Task to carry out
Reproduce exactly, and solely, the lines running from the top of the data below through the line with "New York Jets", both inclusive. Omit pictures.

*** Records supplied ***

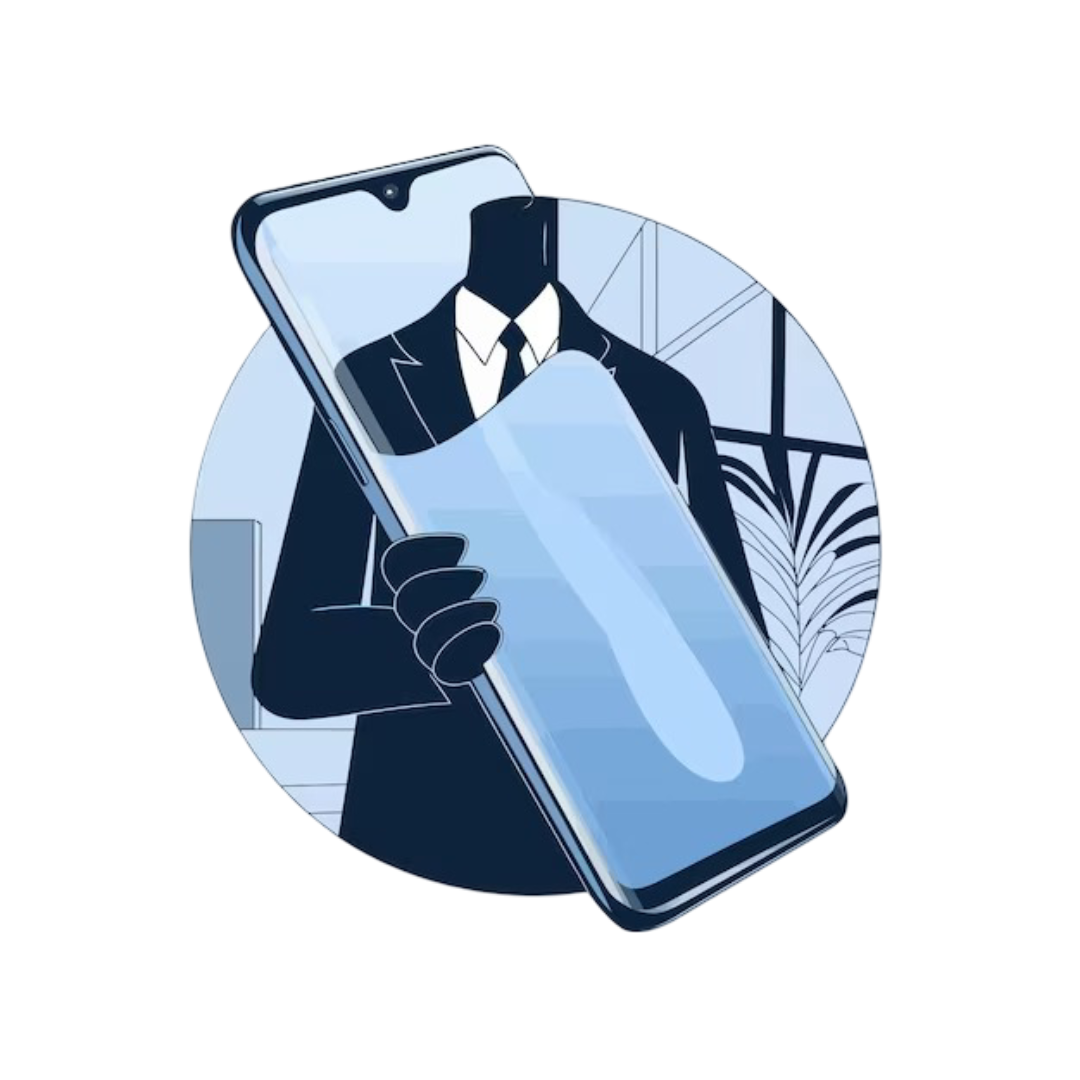 Anonymous Messenger App illustration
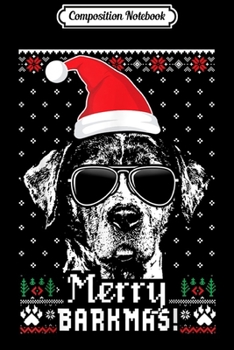 Composition Notebook: Catahoula Cur Merry Barkmas Christmas  Journal/Notebook Blank Lined Ruled 6x9 100 Pages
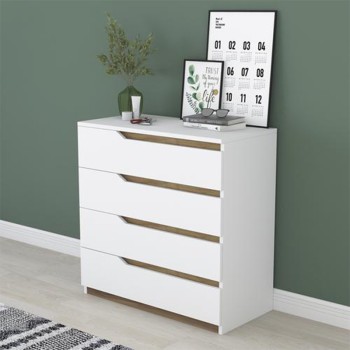 Συρταριέρα Art Maison Liguria - Walnut White (80x47x92εκ)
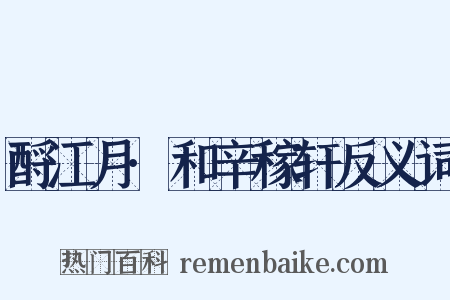 酹江月·和辛稼轩反义词是什么意思的图片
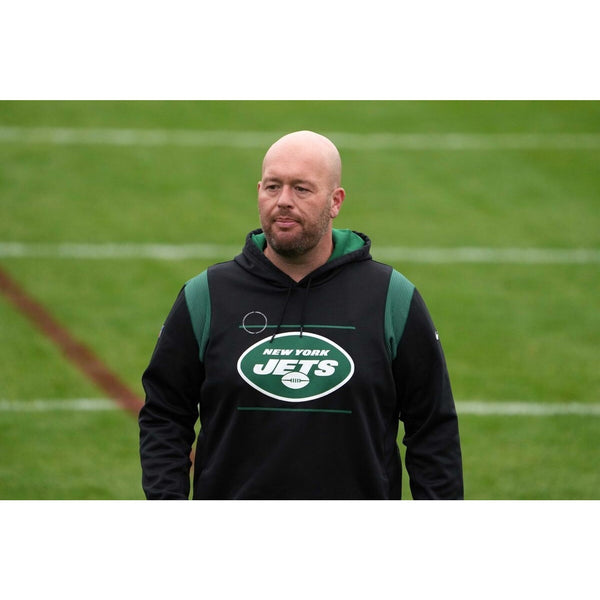 New York Jets Nike Crucial Catch T-Shirt Team Issued Aaron Whitecotton Sz. XL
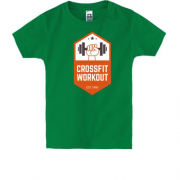 Детская футболка crossfit workout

*** End of Records supplied ***

Answer below
 Anonymous Messenger App illustration
 Composition Notebook: Catahoula Cur Merry Barkmas Christmas  Journal/Notebook Blank Lined Ruled 6x9 100 Pages
 Συρταριέρα Art Maison Liguria - Walnut White (80x47x92εκ)
 酹江月·和辛稼轩反义词是什么意思的图片
 New York Jets Nike Crucial Catch T-Shirt Team Issued Aaron Whitecotton Sz. XL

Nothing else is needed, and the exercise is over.